What you are asked to do:
Give the data again exactly, without its images.

Dataset excerpt:
************

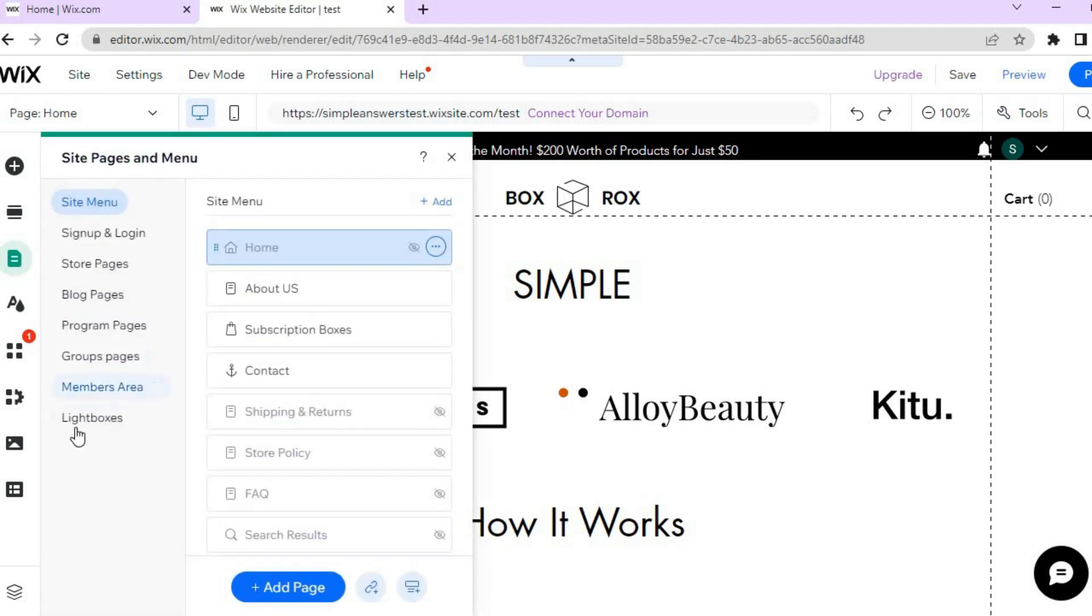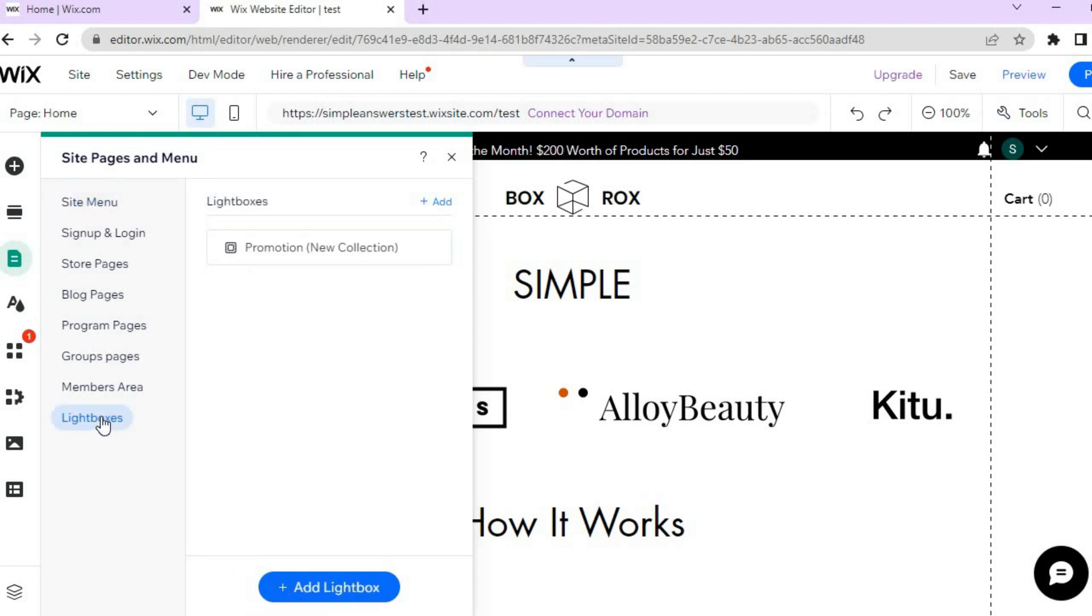Then you are going to see Lightboxes at the bottom. As you can see right here, all you'll need to do is tap on Lightboxes. Then you are going to see the name of the lightbox that you are currently using.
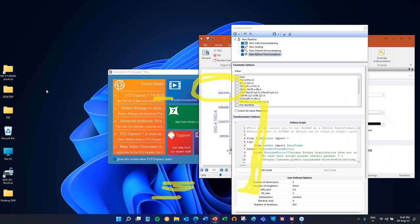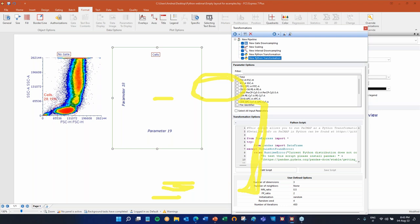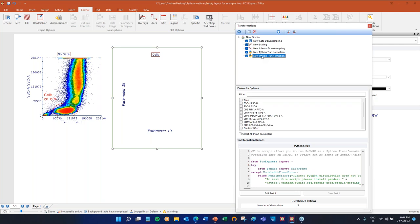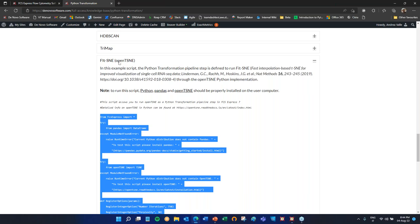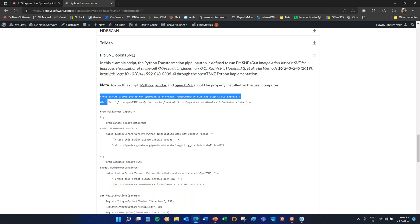Let's add another Python transformation. Worth mentioning: since you might want to add multiple transformations, when they're added from the categories they have meaningful names, but Python transformations are just called 'Python Transformation.' So for clarity, right-click and rename — this one is 'PacMap' and this new one will be 'FITsne.' Let's go back and copy the FITsne script, then clear the script area and paste it with Ctrl+V.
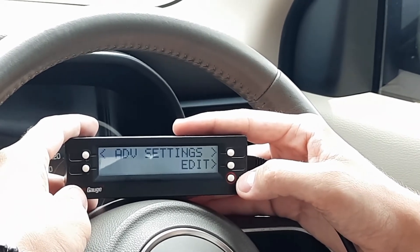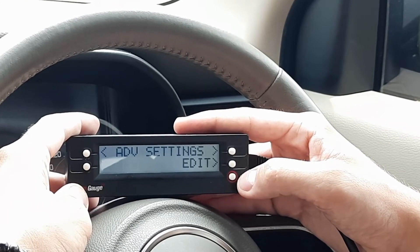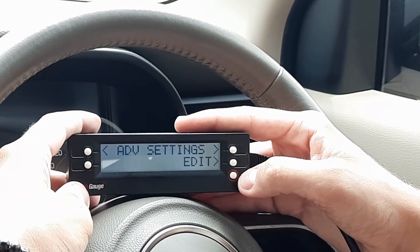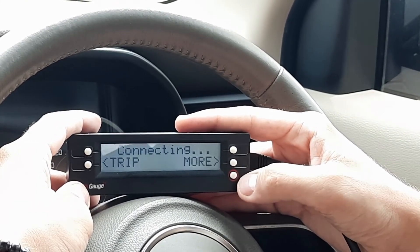Next up we have advanced settings, but we're not going to cover this in this video — we will do a dedicated video on advanced settings. Okay, thank you.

************

The completed task:
Then you are going to see Lightboxes at the bottom. As you can see right here, all you'll need to do is tap on Lightboxes. Then you are going to see the name of the lightbox that you are currently using.
Let's add another Python transformation. Worth mentioning: since you might want to add multiple transformations, when they're added from the categories they have meaningful names, but Python transformations are just called 'Python Transformation.' So for clarity, right-click and rename — this one is 'PacMap' and this new one will be 'FITsne.' Let's go back and copy the FITsne script, then clear the script area and paste it with Ctrl+V.
Next up we have advanced settings, but we're not going to cover this in this video — we will do a dedicated video on advanced settings. Okay, thank you.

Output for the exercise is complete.